> [To do] Check each line of the entries below for the word "online" and state only how many lines have it.
Record set below:
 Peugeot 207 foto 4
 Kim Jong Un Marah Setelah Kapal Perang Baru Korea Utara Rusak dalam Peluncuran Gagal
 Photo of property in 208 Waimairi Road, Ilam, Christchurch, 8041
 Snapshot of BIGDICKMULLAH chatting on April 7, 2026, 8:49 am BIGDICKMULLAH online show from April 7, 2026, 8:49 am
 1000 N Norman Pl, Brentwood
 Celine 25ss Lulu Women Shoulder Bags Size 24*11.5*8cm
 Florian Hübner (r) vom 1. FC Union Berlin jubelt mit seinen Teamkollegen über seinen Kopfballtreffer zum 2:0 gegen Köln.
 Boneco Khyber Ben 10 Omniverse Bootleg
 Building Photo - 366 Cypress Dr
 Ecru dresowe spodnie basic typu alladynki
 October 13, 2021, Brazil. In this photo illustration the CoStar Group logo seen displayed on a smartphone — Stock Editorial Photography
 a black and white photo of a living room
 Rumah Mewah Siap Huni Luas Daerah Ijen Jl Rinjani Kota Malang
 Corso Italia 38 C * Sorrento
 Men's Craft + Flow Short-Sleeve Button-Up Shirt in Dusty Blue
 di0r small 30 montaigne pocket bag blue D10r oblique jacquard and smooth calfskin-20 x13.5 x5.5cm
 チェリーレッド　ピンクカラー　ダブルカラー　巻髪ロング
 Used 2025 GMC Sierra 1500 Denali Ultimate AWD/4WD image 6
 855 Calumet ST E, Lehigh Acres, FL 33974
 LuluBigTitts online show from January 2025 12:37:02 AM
End of Record set.
> [Response area] 2